Does anyone know a statistical test for telling me if I have an outlier within a set of spatial point data? It seems like someone should have invented said method in the 1960s and I just can’t find it through my googling. But I do read a fair bit of GIS and geostatistics literature, and I’ve never seen it. (Or, gasp, someone tried to do it and concluded it was intractable…) Guess I’ll have to make my own.

So here’s my situation: I have some point data – just normal latitude and longitude coordinates – with an associated covariate. Let’s call the covariate m for now. I want to draw a polygon around my points and argue that the resulting shape can be defined as the boundary of a neighborhood. Except I’m worried that there are really high, or really low, values of m near the border of the neighborhood, and thus my resulting polygons are potentially skewed toward/away from these “spatial outliers.”

As an illustration, imagine that a potato farmer wants to spray her field for aphids, but only wants to spray the affected areas. Logically, she decides to randomly sample 10 locations within her field; draw a polygon around the locations where she finds aphids; and then spray all the area inside the polygon (and none of the area outside the polygon). You could check out UC-Davis’s excellent website for potato pest management to confirm that this is not exactly the correct method, but it’s a reasonable approximation (although, their recommendation on sampling is radically different).
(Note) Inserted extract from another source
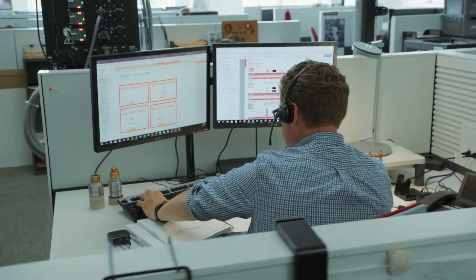Tech Service, this is Garrick. Hypertherm Tech Service, this is Brian. Hypertherm Tech Service, this is Kyle.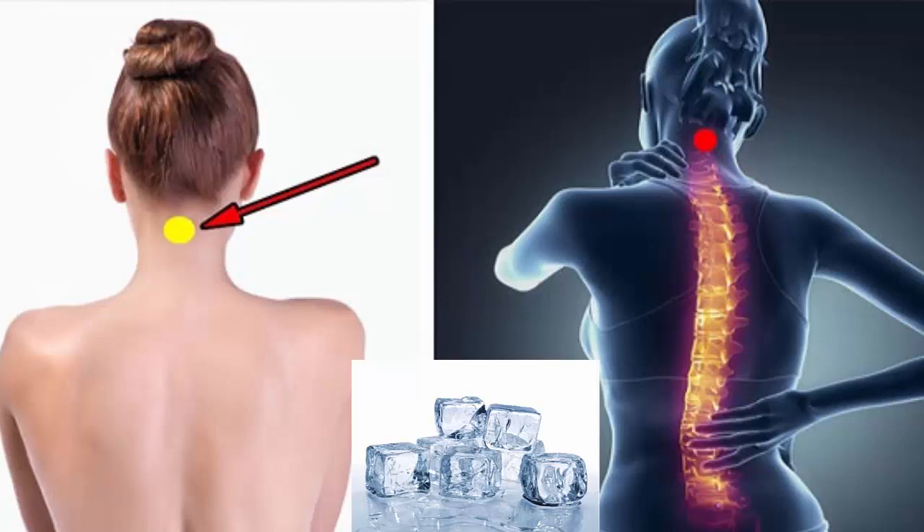This technique involves placing an ice cube on your neck. Doing this will allow you to improve in various aspects of your life, because when we apply cold in this area of the neck we can relieve different discomforts and headaches, being able to effectively combat the symptoms of migraine.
Our potato farmer might observe something like this. The labels are the aphid counts at each location. I’ll explain the diamond symbols in a moment…. Remember that the “polygon of infestation” is drawn according to a presence/absence dichotomy, so the aphid count is the covariate in this situation. (And, yes, it has already occurred to me that everything I’m writing here might only apply to this special case where the polygon is based on a dichotomized version of an underlying count variable, m. But that additional complication is for future blogage….)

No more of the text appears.